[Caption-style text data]
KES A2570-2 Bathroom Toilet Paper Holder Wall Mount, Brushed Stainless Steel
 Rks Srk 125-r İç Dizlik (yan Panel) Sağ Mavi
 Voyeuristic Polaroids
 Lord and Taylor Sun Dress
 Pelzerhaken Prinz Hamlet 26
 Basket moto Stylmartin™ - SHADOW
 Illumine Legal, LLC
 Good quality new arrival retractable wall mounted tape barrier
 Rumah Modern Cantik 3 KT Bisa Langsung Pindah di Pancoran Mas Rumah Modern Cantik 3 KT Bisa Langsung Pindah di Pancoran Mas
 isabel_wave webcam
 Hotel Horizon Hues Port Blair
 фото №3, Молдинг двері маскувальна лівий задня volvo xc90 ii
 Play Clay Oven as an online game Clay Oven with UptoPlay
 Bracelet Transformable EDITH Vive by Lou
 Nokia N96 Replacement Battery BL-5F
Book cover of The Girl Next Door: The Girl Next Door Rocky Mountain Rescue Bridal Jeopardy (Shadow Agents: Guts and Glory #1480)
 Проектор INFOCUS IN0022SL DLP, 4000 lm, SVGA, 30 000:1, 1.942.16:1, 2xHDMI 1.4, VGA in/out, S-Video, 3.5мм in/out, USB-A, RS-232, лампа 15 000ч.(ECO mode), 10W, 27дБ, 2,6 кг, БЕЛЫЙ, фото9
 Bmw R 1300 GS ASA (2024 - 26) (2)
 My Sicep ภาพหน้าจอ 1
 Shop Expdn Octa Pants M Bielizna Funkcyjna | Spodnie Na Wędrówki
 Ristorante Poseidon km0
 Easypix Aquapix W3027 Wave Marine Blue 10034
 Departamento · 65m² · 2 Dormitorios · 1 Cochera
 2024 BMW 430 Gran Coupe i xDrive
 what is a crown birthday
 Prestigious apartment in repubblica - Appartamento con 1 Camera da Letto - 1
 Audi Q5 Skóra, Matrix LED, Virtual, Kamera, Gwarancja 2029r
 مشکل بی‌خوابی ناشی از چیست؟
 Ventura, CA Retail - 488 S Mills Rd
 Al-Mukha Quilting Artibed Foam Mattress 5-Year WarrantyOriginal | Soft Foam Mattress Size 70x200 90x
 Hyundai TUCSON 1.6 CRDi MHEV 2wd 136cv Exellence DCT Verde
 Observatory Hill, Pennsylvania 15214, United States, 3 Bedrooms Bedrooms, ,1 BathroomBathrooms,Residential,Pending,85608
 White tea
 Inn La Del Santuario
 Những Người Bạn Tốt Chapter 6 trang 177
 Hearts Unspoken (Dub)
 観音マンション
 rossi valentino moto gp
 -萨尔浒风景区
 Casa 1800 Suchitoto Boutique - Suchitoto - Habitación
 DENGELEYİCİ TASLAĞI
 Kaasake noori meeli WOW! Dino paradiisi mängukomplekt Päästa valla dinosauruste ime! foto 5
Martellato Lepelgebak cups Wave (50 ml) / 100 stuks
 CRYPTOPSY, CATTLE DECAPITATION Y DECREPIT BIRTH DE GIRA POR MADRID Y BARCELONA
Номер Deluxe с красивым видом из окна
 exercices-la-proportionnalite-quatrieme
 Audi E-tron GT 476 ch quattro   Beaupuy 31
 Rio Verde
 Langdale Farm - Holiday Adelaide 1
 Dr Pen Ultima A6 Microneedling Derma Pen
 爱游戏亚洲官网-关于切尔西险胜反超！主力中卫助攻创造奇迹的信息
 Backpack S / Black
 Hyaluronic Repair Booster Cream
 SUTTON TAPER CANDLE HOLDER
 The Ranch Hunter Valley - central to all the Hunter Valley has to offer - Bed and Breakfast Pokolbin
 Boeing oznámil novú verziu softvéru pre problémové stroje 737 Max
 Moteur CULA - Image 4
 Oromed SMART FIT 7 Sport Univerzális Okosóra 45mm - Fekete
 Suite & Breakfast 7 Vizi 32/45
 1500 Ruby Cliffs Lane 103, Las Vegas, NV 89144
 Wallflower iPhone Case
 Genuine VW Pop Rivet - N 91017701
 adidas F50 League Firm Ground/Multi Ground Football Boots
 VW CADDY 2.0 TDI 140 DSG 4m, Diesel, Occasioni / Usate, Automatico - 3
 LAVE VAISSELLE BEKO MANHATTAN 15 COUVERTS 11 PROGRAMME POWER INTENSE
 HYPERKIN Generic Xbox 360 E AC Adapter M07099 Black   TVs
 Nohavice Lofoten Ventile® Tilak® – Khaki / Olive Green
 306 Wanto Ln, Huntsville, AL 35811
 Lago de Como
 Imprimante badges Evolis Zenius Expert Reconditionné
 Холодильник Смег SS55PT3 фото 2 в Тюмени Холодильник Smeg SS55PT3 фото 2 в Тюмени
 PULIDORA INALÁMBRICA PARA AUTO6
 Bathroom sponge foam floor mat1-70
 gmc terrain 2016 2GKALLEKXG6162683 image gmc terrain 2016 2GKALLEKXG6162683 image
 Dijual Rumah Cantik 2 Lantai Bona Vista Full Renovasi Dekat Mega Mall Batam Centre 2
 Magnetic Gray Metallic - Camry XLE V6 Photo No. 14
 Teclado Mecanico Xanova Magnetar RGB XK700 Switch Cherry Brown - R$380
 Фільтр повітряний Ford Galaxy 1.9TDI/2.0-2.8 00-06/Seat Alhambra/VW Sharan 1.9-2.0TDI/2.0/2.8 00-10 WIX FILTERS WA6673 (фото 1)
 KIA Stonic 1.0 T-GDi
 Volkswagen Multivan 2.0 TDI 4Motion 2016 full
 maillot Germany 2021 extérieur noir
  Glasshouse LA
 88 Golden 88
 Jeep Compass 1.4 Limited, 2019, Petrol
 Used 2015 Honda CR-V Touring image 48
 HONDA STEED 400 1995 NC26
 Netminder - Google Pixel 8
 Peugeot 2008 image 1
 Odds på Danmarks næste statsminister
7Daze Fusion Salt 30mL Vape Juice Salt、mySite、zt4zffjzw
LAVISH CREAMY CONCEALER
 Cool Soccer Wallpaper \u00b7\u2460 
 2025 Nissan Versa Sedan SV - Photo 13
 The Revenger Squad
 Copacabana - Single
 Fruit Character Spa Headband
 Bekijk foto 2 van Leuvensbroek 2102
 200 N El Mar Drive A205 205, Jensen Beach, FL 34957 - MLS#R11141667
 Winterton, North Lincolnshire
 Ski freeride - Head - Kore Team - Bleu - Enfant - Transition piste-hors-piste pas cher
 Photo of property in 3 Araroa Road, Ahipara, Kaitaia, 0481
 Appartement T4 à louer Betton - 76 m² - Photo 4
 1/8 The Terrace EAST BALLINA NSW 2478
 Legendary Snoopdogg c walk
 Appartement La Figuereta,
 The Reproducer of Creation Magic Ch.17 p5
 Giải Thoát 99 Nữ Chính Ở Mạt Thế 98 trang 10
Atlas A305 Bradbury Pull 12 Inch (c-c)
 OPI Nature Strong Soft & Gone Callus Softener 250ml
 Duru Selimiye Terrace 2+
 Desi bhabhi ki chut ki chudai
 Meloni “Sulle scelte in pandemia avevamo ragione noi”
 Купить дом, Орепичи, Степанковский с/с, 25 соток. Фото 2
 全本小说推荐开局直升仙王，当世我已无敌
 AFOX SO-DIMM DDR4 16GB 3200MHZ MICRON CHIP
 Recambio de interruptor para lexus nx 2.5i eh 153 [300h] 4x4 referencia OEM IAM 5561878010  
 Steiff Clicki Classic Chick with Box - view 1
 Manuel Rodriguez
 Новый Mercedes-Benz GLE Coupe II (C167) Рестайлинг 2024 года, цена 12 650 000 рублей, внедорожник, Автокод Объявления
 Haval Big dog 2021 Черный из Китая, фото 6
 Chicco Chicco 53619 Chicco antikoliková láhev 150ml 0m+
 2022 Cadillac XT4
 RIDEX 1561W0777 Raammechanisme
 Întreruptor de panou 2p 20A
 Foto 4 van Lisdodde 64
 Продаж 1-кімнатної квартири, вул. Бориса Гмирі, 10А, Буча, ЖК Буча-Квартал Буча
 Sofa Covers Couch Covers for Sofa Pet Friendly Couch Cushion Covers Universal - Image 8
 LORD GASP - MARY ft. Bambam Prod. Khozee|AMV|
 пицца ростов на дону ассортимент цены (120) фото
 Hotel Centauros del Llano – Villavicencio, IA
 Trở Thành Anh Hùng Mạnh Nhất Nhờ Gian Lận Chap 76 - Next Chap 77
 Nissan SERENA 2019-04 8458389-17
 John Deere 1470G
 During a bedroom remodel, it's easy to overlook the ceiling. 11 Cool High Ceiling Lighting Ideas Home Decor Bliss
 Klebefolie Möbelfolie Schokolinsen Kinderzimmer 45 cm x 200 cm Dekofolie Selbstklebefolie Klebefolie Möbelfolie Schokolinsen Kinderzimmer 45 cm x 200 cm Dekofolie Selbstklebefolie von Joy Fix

Exercise directions
The required output is the stretch of entries above from the line containing "Imprimante badges Evolis" through the line containing "gmc terrain 2016 2GKALLEKXG6162683 image gmc", reproduced exactly.

Written response
 Imprimante badges Evolis Zenius Expert Reconditionné
 Холодильник Смег SS55PT3 фото 2 в Тюмени Холодильник Smeg SS55PT3 фото 2 в Тюмени
 PULIDORA INALÁMBRICA PARA AUTO6
 Bathroom sponge foam floor mat1-70
 gmc terrain 2016 2GKALLEKXG6162683 image gmc terrain 2016 2GKALLEKXG6162683 image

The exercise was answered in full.